Um contrato-programa por cada desempregado




1. Já perdi a conta aos inúmeros programas que o Governo Regional tem vindo a implementar nos Açores. Há programas para todos os gostos: de ocupação, de formação, de reinserção ou, simplesmente, de apoio. Compreende-se que, num momento dramático para milhares de açorianos, os governantes se multipliquem em ações para atenuar as dificuldades dos seus concidadãos, mas é legítimo questionar se este tipo de iniciativas contribui realmente para resolver o problema do desemprego e para relançar a economia da Região.

            Um dos programas mais emblemáticos do Governo é o chamado Recuperar.
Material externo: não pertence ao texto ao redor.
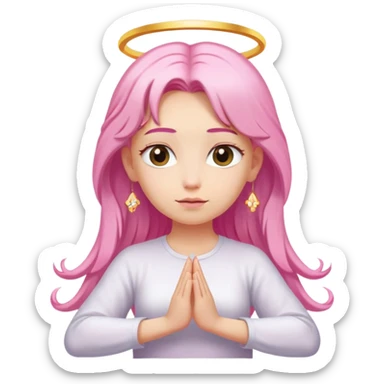 blonde angel woman with long hair meditating with pink hair clips sticker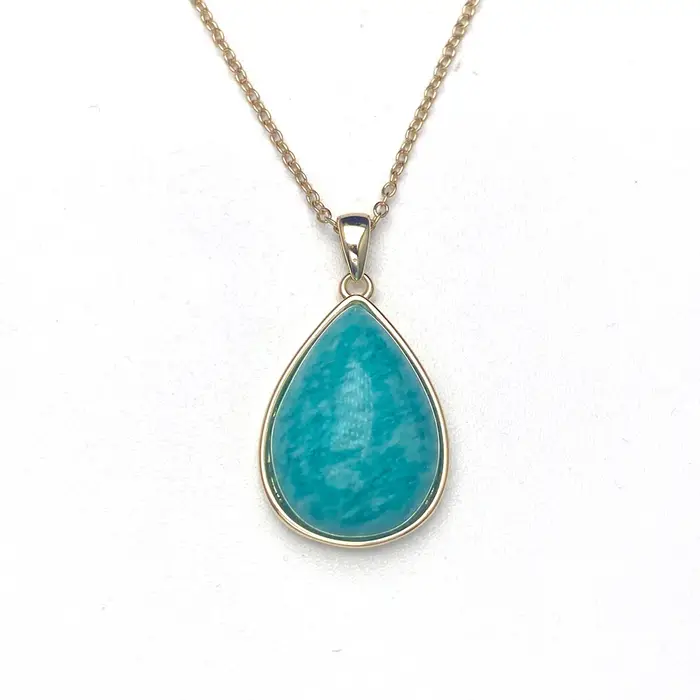 Élégant pendentif en amazonite naturelle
A adesão das câmaras municipais é significativa. A possibilidade de aumentar os recursos humanos com um custo reduzido é sempre aliciante para qualquer autarca. Mas este programa encerra algo de polémico, pois há uma questão moral que se coloca. Será correto usar o dinheiro dos contribuintes para pagar salários a pessoas que não são consideradas funcionárias públicas, apesar de trabalharem para o Estado? Será que para combater o desemprego se deve multiplicar situações de precariedade dentro do Estado, seja a nível regional ou local? Há quem diga que a medida vai ser alargada ao setor privado…
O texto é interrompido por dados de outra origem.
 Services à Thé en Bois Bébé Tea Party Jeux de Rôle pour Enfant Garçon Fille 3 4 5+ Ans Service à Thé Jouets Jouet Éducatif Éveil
A dinamização da economia açoriana passa pelo estímulo às empresas e pelo incentivo à criação de emprego que aumente a capacidade exportadora da Região, bem como a circulação interna de bens e serviços entre as ilhas. E esta não é a vocação do Estado. Ao Estado cabe facilitar, regulamentar, fiscalizar a atividade empresarial e não substituir-se a ela. Transformar tudo o que é instituição pública em sorvedouro de “pseudo-empregos” fragiliza ainda mais a economia regional. 

            Numa altura em que o Governo anda a prestar contas do seu mandato, apresentando, com regozijo, as medidas avulsas de combate ao desemprego, pelos Açores, anda-se a debater o futuro da Região num plano macroeconómico e numa perspetiva abrangente. A precarização da sociedade açoriana, nomeadamente da sua juventude, não é o caminho para a prosperidade dos Açores. 

2. A caixa de Pandora

            Muito se tem falado sobre a polémica do concurso para os professores contratados. De tanto ruído que tem havido, há uma outra situação grave que quase tem passado despercebida. Trata-se daquela manigância regimental que consistiu em o PS apoderar-se de uma proposta de lei apresentada por um partido da oposição, e adulterá-la de cima a baixo. 

            É grave porque abre um precedente entre a maioria e a oposição. A partir de agora, qualquer partido da oposição terá de pensar duas vezes antes de apresentar uma proposta legislativa. 

3. O Parlamento é meu

            Já dissera que os deputados do PS são um pau-mandado do Governo. Ainda a propósito da polémica sobre o concurso de professores, Vasco Cordeiro, na qualidade de presidente dos socialistas – a ubiquidade dá tanto jeito –, mandou repetir a votação do polémico diploma para dissipar qualquer dúvida.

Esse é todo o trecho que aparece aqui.